*** Source material
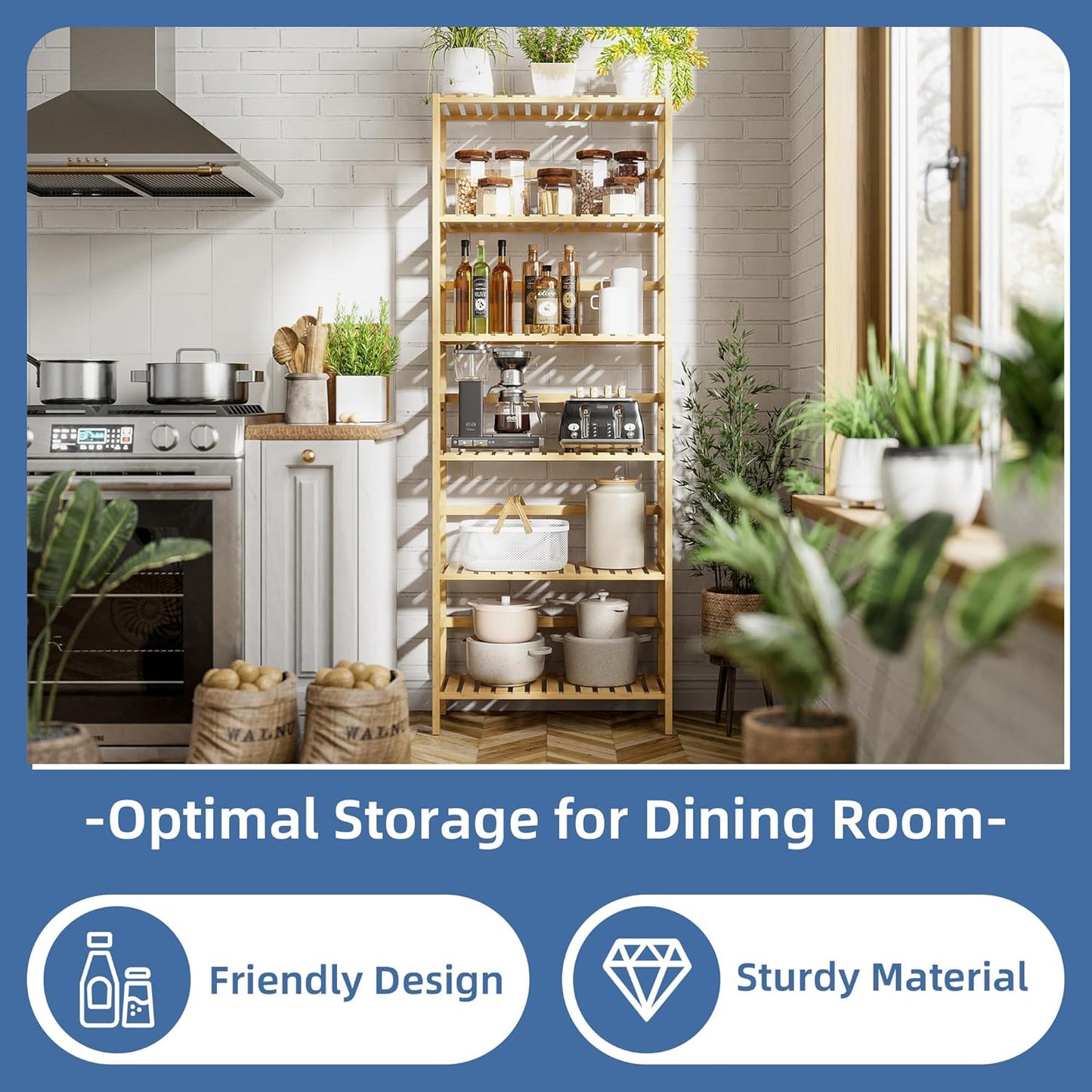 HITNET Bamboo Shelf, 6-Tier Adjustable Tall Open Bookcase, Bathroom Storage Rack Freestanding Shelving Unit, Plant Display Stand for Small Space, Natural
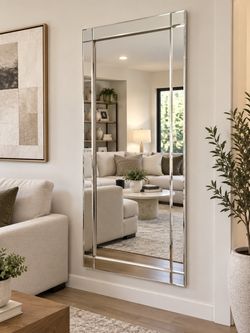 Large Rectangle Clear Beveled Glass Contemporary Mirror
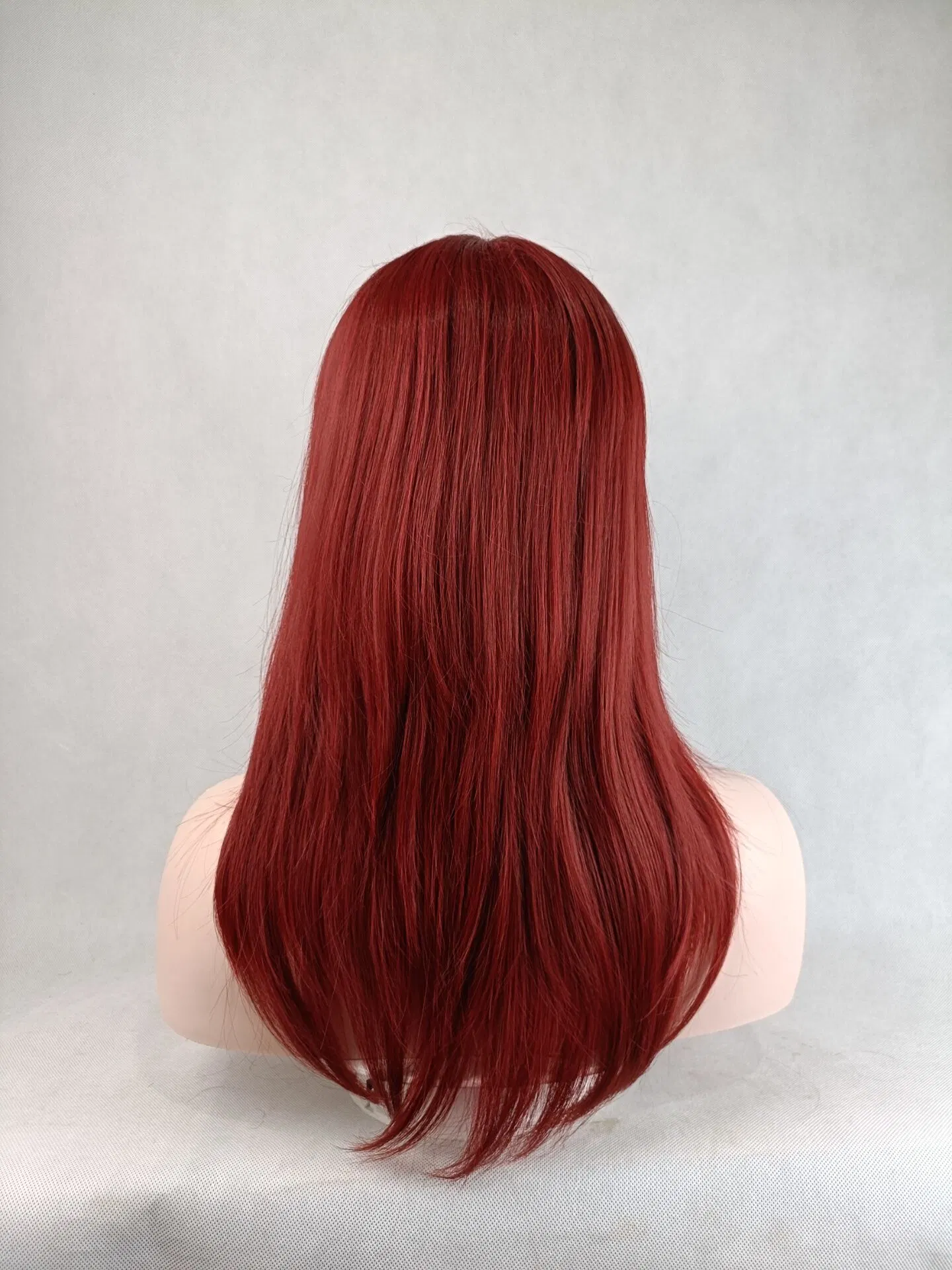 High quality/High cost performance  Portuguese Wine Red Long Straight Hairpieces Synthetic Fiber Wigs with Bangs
******
_Activity_. Write out again, exactly, the lines from the start of the listing up to the line containing "Large Rectangle Clear", with both ends and without pictures.

_Answer area_.
 HITNET Bamboo Shelf, 6-Tier Adjustable Tall Open Bookcase, Bathroom Storage Rack Freestanding Shelving Unit, Plant Display Stand for Small Space, Natural
 Large Rectangle Clear Beveled Glass Contemporary Mirror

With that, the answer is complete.